An influential committee of MPs is to consider recommending early access to state pensions for both men and women early next week.

The Work and Pensions committee has been examining the issue as part of its investigation into the new state pension, and in particular, the changes to the state retirement age of women.

Campaigners from the Women Against State Pension Inequality group have argued that the increase to 67 has been poorly communicated and is unfair on women born in the 1950s, who have seen the most dramatic rise.

Committee member Craig Mackinlay says MPs will meet on Monday to consider remedies including giving both men and women early access to their state pension.

He says: “This is one of the measures that is in the pot that might satisfy the Waspi women, but then what do you do for the men?

“It’s quite a big conundrum, and we will be considering that in some depth ahead of the final report.

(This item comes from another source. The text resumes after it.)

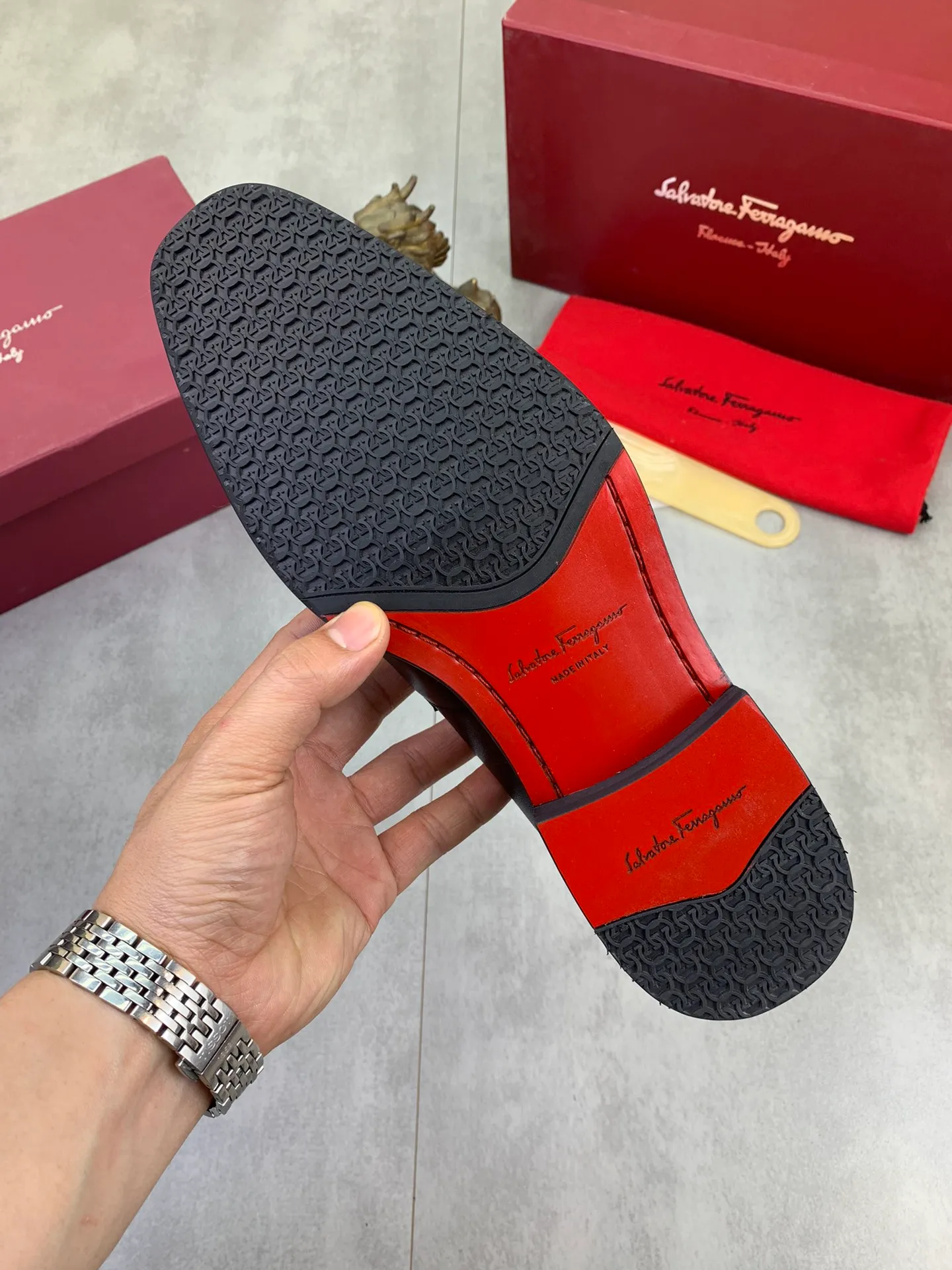Men's Men's Shoes 💰P460💰[New Style] Water-dyed Niuli 🆘[Salvatore Ferragamo] Ferragamo's latest casual business leather shoes for men! Available at counters simultaneously! The fabric is made of specially imported original calfskin, and the interior is made of imported water-dyed cowhide. It is absolutely luxurious and leads the fashion trend. Matching code: 38-47 black optional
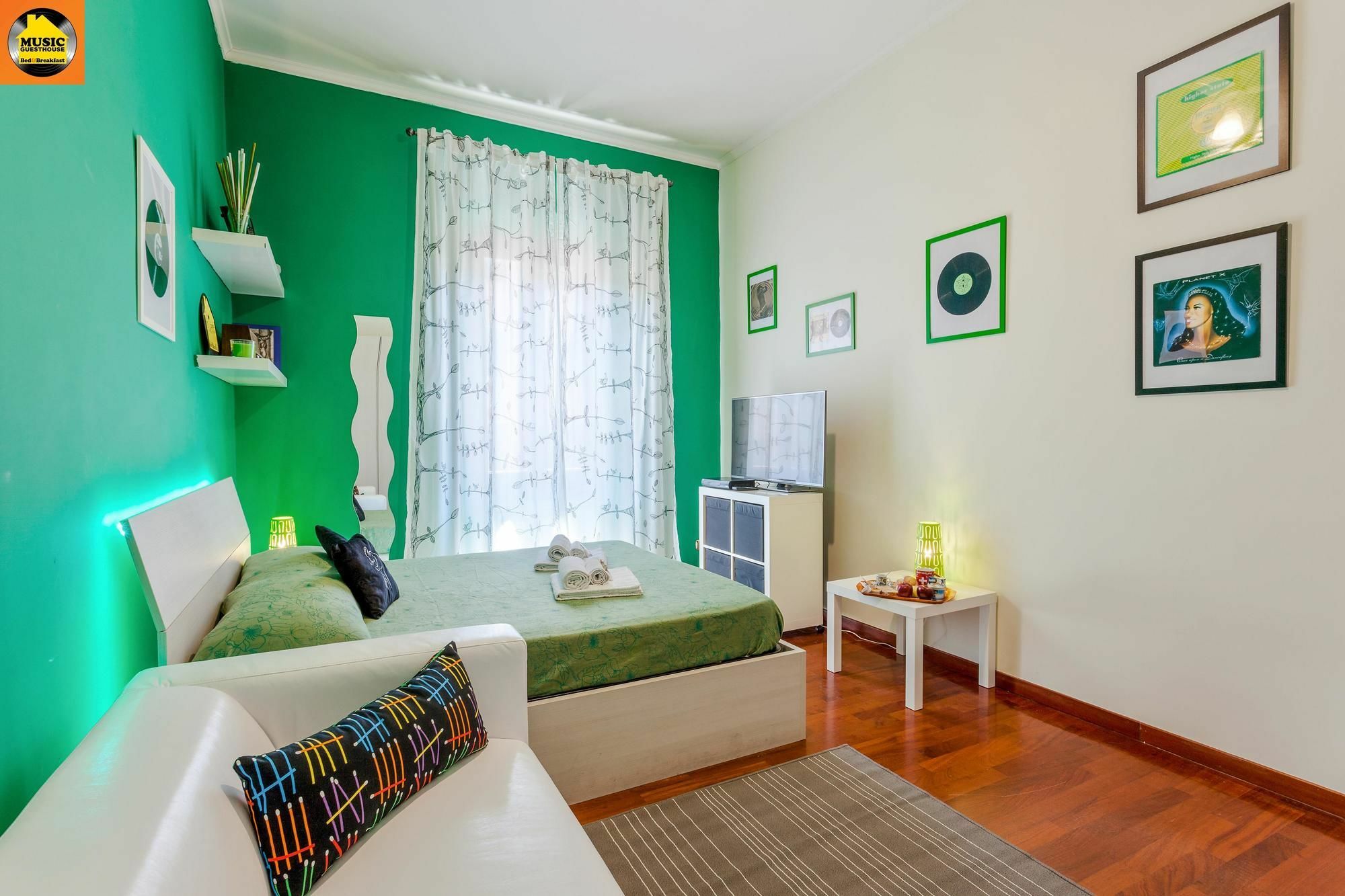Music Guesthouse Rome Bagian luar foto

But we are looking for a way to make everyone happy.”

Mackinlay says the full report is due to published ahead of Chancellor George Osborne’s Budget on Wednesday.

He says: “If you were to implement any major change, it would be hard to see much movement before April 2017.

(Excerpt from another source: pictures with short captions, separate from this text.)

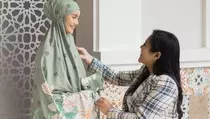 Sambut Ramadan, Brand Lokal Ini Hadirkan Koleksi Mukena Bernuansa Bali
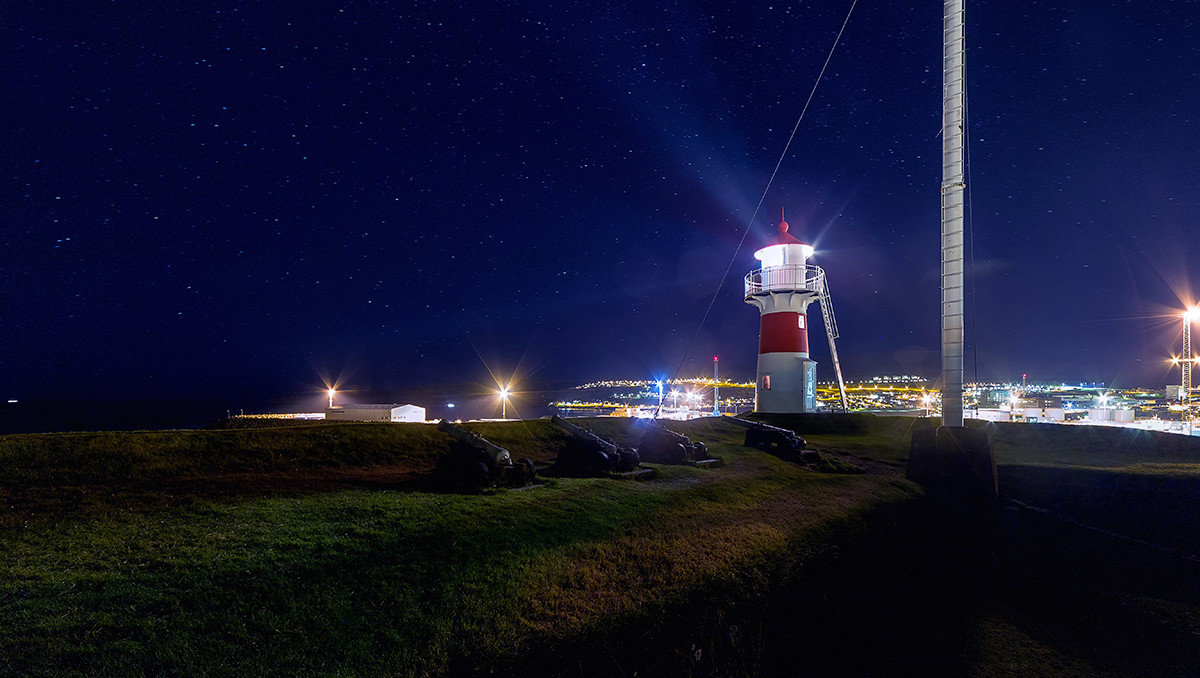skansin_at_night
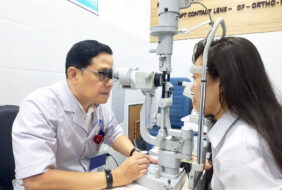 Mắt mờ, tổn thương do xài kính áp tròng “hàng độc”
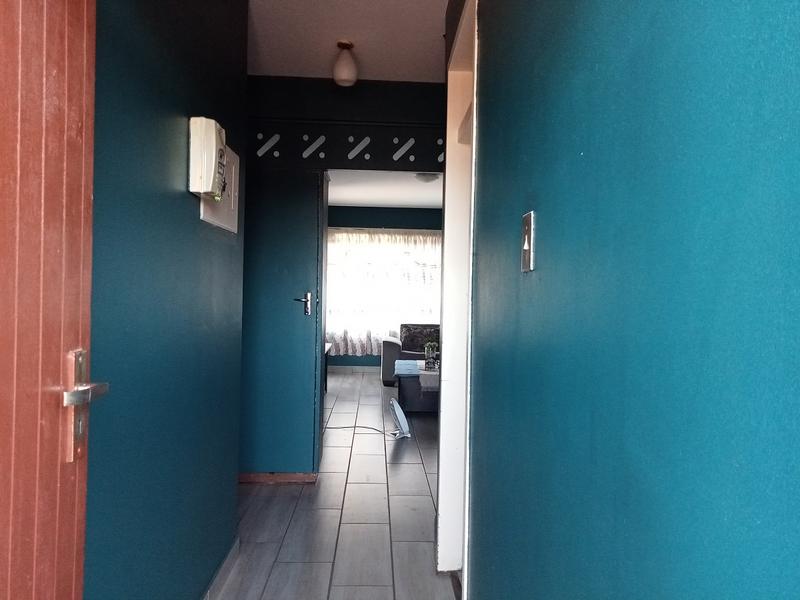 2 Bedroom Property for Sale in Vanderbijlpark CW Gauteng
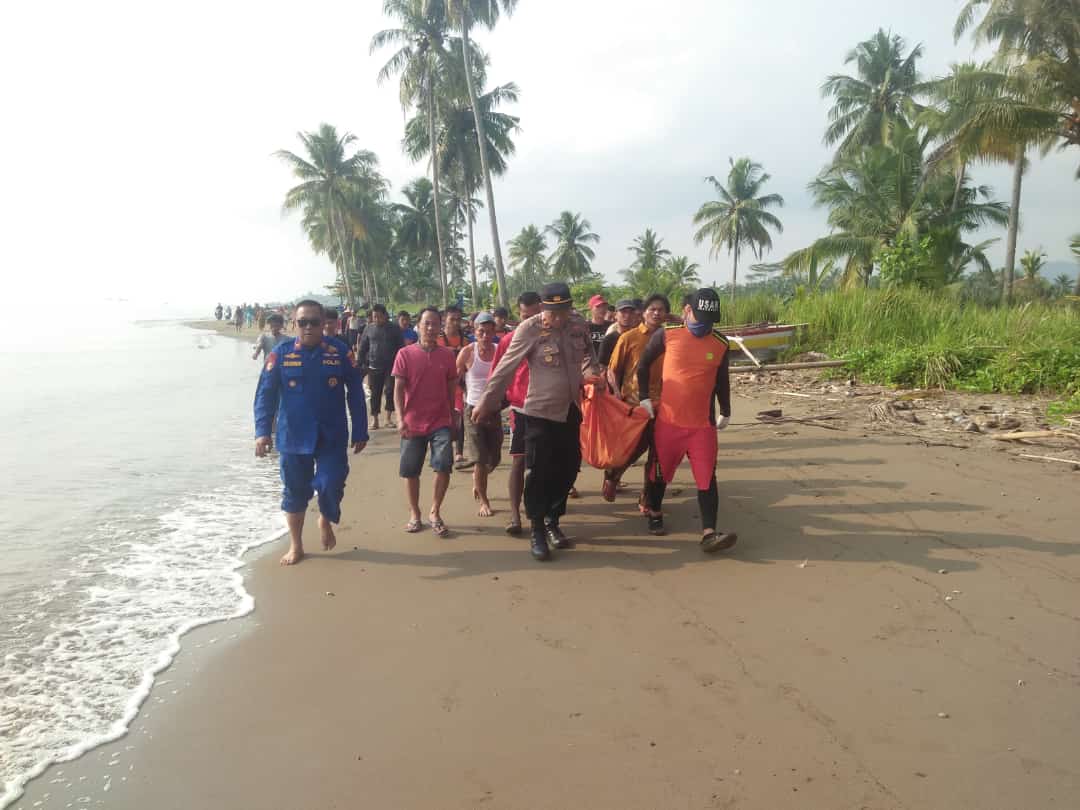 Kapolsek Pematang Sawa Bersama Team Akhir nya Temukan Korban Tenggelam di Pantai Tanjungan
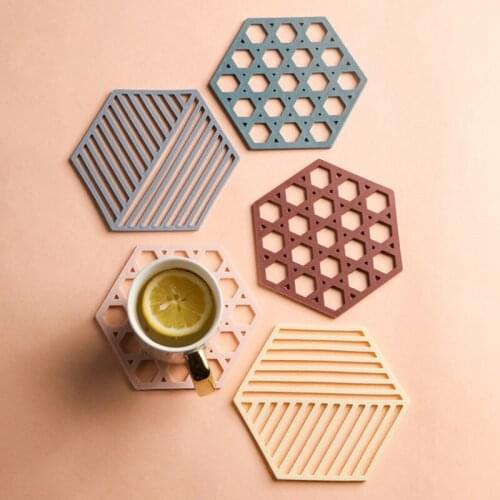 1pc Tableware Mat Hollow Coaster Hexagon Cup Mat Pad Heat-insulated Bowl Pot Pan Placemat Table Mat Pad Home Kitchen Accessories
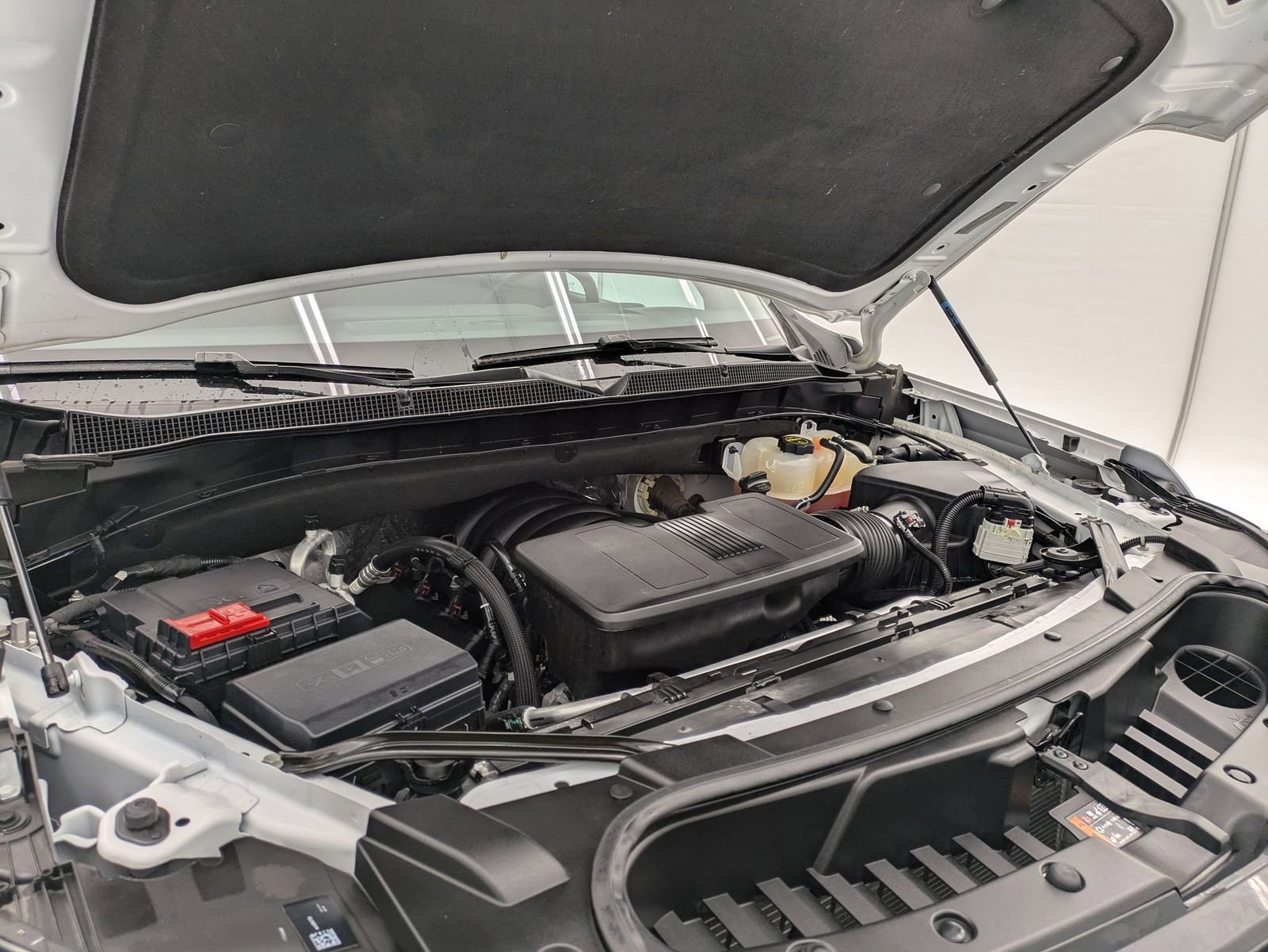 Thumbnail: 2025 Chevrolet Suburban - 12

“Even if this was considered, we would have to have a major reprogramming of Department for Work and Pensions systems, among everything else.”

It comes after the Government announced an independent review of the state pension age which experts have said could lead to more broad fundamental reforms.

Aegon regulatory strategy director Steven Cameron says Osborne could look to introduce change in next week’s Budget.

He says: “This could be the Chancellor’s next big surprise. Last year he brought us private pension freedoms. This Budget, his big announcement could be to announce state pension freedoms.

“While this would be a solution for those Waspi are campaigning for, it would seem wrong to offer the flexibility to just one group. It might be that the ability to take earlier was phased in, perhaps starting with those who are currently seeing their state pension age increase.

“This would help address any cashflow challenges. But longer term, allowing access to an actuarially reduced state pension from say age 60 would be a welcome pro-choice measure and also a potentially powerful vote winner.”

A spokeswoman for the Work and Pensions committee declined to comment, although members have previously spoken in favour of similar reforms.

In a House of Commons debate on the Waspi campaign in late February, Mackinlay’s fellow committee member John Glen proposed early access specifically for women born in the early 1950s.

He said: “Their pension would be reduced, but it would be a relatively small amount for two or three years, and it should be cost-neutral to the Government even taking into account the cost of the administrative changes involved.”